Taken from: Contemporary review of drug-induced pancreatitis: A different perspective World J Gastrointest Pathophysiol 2014 November 15.
The infrequent AP etiology, when common causes are discarded, is a challenging exclusion diagnostic process. This lead our research group to design an etiologic diagnostic algorithm, according to the epidemiological frequencies in the light of actual evidence (Fig. 2).
Fig. 2.
Etiological diagnosis algorithm of acute pancreatitis.
AP: acute pancreatitis; CHOLANGIORMN; cholangioresonance; TG: triglycerides; ERCP: endoscopic retrograde cholangiopancreatography; Dx: diagnostic; LABS: laboratory tests; HIV: human immunodeficiency virus; HBV: hepatitis B virus; EBV: Epstein Barr virus; ANAS; antinuclear antibodies; ENAS: extractable nuclear antibodies; C3-C4: complement proteins.
3. Discussion
There has been a progressive increase in AP incidence, and its impact on morbidity and mortality is determined by a proper therapeutic approach [9]. It is crucial to determine an etiologic diagnosis in order to proceed to appropriate therapeutic interventions as for recurrence prevention. A medication induced AP has to be considered as etiologic agent upon a patient without clear etiology, defined by absence of bile stones and alcoholism, with normal triglycerides levels, and absence of tumors or anatomic variations [10].
Is widely known that the medication induced AP is an exclusion diagnosis, as the case presented. However, it should be noted that its initial clinical presentation may not meet the diagnostic criteria proposed by the Atlanta classification 2012 for AP [11]. The presented case had no typical abdominal band pain, the amylase level was not greater than 3-fold for the laboratory parameter (270 U/L with a higher laboratory value of 118 U/L), and no imaging changes were seen on admission (ultrasound without alteration). All the above, and considering a young patient with acute abdominal pain, leukocytosis, metabolic acidosis, and absent bowel sounds, a surgical exploration was performed, evidencing the aforementioned findings compatible with PNH. This procedure increases hospital LOS as well as the risk of morbidity and mortality when compared to patients undergoing uncomplicated AP [2].
Biliary stones and alcohol are responsible for more than 90% of all cases of AP in adults [9]. However, once these 2 factors are ruled out as the etiologic agents in AP, multiple additional studies are required for precise diagnosis and prompt therapeutic interventions. Within that 10% of missing etiological diagnoses, medications are responsible for 0.1–2% [1,3].
There were no clear causes for AP on further work-up in the presented case. The presence of biliary stones was ruled out on clinical history, ultrasound, and cholangioresonance.
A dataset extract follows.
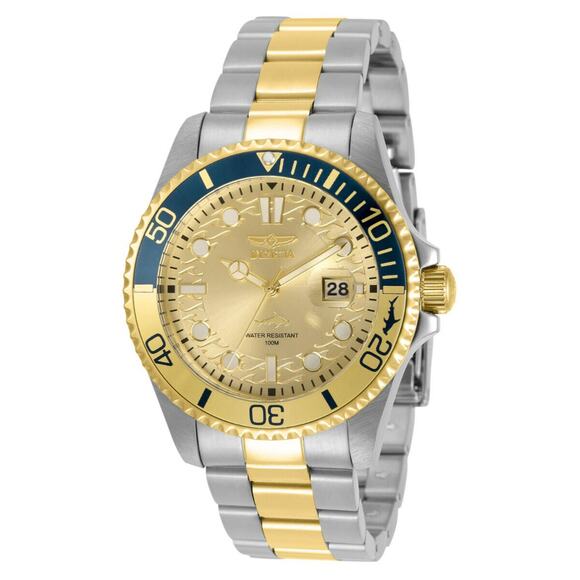 Invicta Men's Watch Pro Diver Quartz Gold Tone Dial Two Tone Bracelet - Picture 1 of 3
Alcohol abuse or tobacco use was ruled out as other toxins that may be directly related to AP [2]. There was no evidence of mechanical factors such as pancreas divisum (PD) whose prevalence is similar in those patients with and without idiopathic (7.5%) and alcoholic (7%) pancreatitis, determining that PD by its self does not causes the disease [2]. A complete metabolic, infectious and immunological profiles ruled out hypertriglyceridemia, infectious processes, hypercalcemia, pregnancy, vascular or autoimmune diseases. Therefore, a medication induced AP was considered, secondary to chronic consumption of VA.
VA has been considered an infrequent etiology of AP with a general incidence of 1:40.000 cases [12]. Although, pediatric population are more commonly affected by VA induced AP [12], there is evidence of multiple cases reported since 1979 by Batalden et al. with some fatal cases [9,12,13]. Therefore, the real VA induced AP incidence might be underestimated due to lack of registration or investigation.
In addition, Badalov et al. [8] in New York (2007), reported VA as a strong AP inducer (class Ia) in its evidence based classification and review of literature on medication induced AP. This means that the VA (class Ia) presents at least one case report of recurrent AP at re-challenge with this drug, having excluded other AP causes [3,8]. This classification provides an important and rapid reference of medication induced AP (Table 1).
The World Health Organization through the Uppsala Monitoring Center conducted a hospital analysis in patients with medication induced AP between 2006 and 2016. This analysis reported VA as the most frequent medication inducing AP, representing 4.7% of the total number of patients with this condition [14]. This suggests that AP induced by VA represents a higher incidence than previously reported [14]. Additionally, other studies report greater sensitivity of serum lipase than of serum amylase for VA induced AP [10]. This may explain the amylase level on our case (less than 3 times the higher value), and lipase is not routinely performed at admission. The absence of elevation of amylase level above 3 times the superior value does not exclude the medication induced AP. Therefore, its crucial to highlight that there is no specific biochemical alteration on VA induced AP [10]. The medical personnel must consider this concept in the context of a patient with severe abdominal pain and history of VA consumption, for an optimal diagnostic approach, and avoid unnecessary procedures.
Given the above, multiple biomolecular studies are being developed on the effect of VA on pancreatic tissue. The pathophysiological mechanisms of pancreatic injury of VA in AP were poorly understood in 2013. The direct toxic effect of this medication was attributed to free oxygen radicals in pancreatic tissue, associated to a deficit of superoxide dismutase (SOD), catalase and glutathione peroxidase (GPO) (responsible for removing free radicals) [1]. Currently, it has been reported that histone deacetylases (HDAC) is responsible for mediating the development of the pancreas and contribute to its recovery after an injury. VA predisposes to pancreatitis by inhibiting HDAC and causing an imbalance in pancreatic recovery [15]. In an experimental model of pancreatic injury, VA delayed recovery of the pancreas and reduced the proliferation of acinar cells by inhibiting HDAC activity. This leads to the over-expression of gene Sox9 involved in pancreatic and duodenal development, acting in the endocrine development of ductal and centroacinate cells and the sustained b-catenin nuclear activation that delays pancreatic regeneration [15,16].
All of the above supports that there is sufficient evidence to consider VA as a potent AP inducer, given its strong association, high frequency, and biomolecular evidence of pancreatic injury.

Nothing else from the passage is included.